Posted by: Sherry Goodwin | May 24, 2009

On Leaving School. . .

One feels that childhood is over now, and a sense of tenfold increased responsibility and independence, so to speak, is a weight upon the spirit.  The strings seem loosed which have hitherto bound and yet protected one,–a child’s obedience and diligence.  One’s future education and formation of character, whether for good or evil, depends now upon oneself; indeed in a measure one’s whole life, one’s happiness or misery through the whole pilgrimage, must be very very greatly influenced by, and dependent on, that important time, the first year after leaving school. 

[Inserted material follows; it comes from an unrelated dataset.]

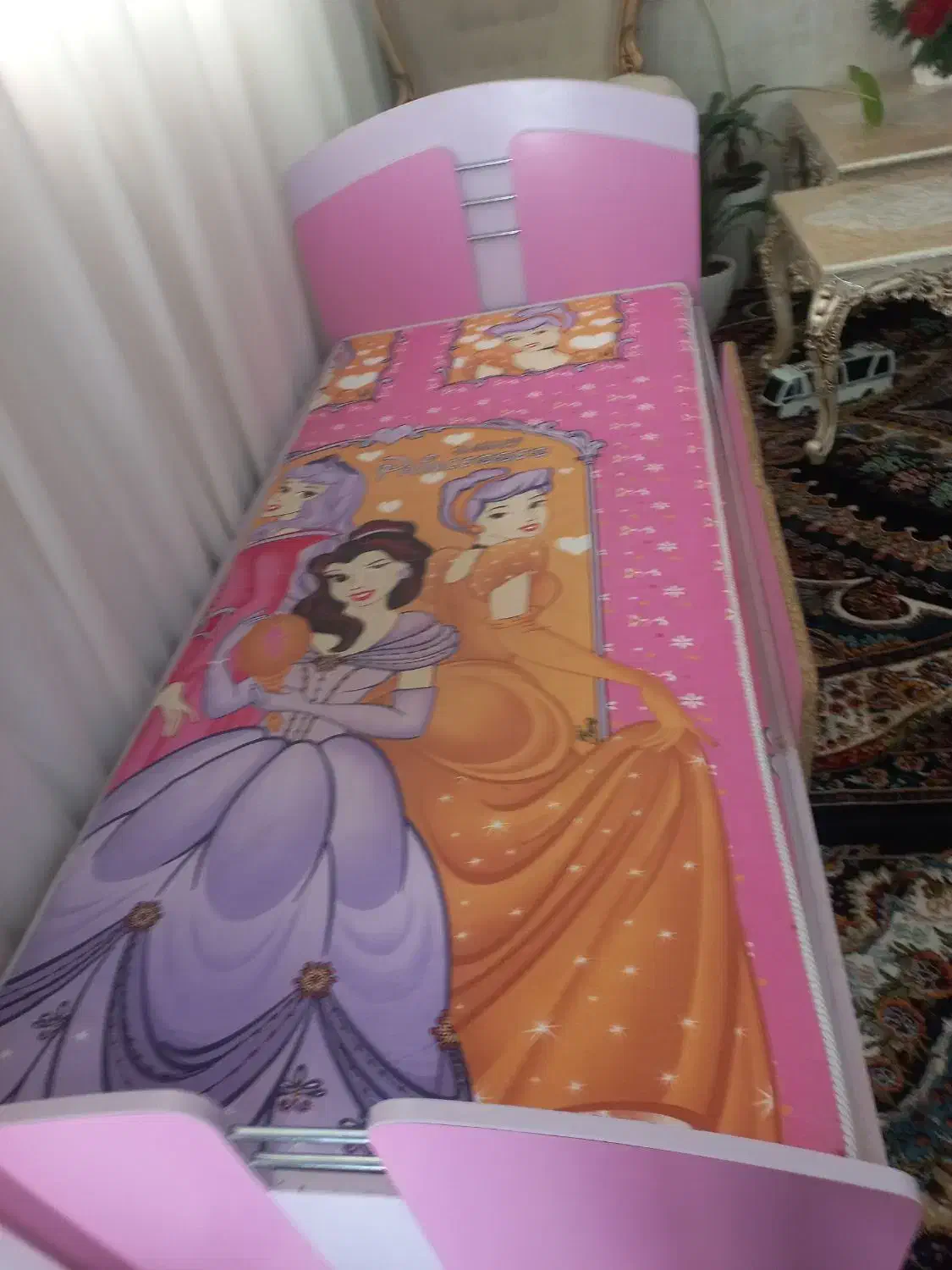 تخت یک نفره|تخت و سرویس خواب|تربتحیدریه, جانبازان|دیوار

Many a power of mind must be exercised which, as yet, has had little opportunity to try its flight; judgment and discretion in a thousand things are needful; one must think and act far more for oneself; self-denial must be learnt; oh so much has to be done!  As a child, the education of the mind was more in other hands, but now the education of mind and heart is confided to one’s own care, and there will be an account to give of how this has been performed. 

One’s spirit is a precious diamond; the rougher cutting work has been done by other hands, now one must undertake its further beautifying oneself, the polishing and grinding needs care and diligence and attention, and if neglected how shall we find an excuse with the great Master Jeweller, who had given the costly stone into our care? 

Now a different place in life, in society, and in one’s own family must be occupied; more is expected from one, many a little burden from which the child is exempt must now be taken up voluntarily.  Then the past years, as memory brings the long panarama slowly, one picture after another, before one’s view, how spotted, how defiled are even the fairest of these scenes; every year having brought new guilt to be mourned over! 

But thankfulness must not be forgotten amid the whirl of conflicting feelings and thoughts, not drops but rich full measure of happiness filled my cup, at least through the greater part of this time; and many blessings which till now I have scarcely been aware of, ought to make me very grateful to Him, who does indeed let His sun shine on the most unthankful and evil.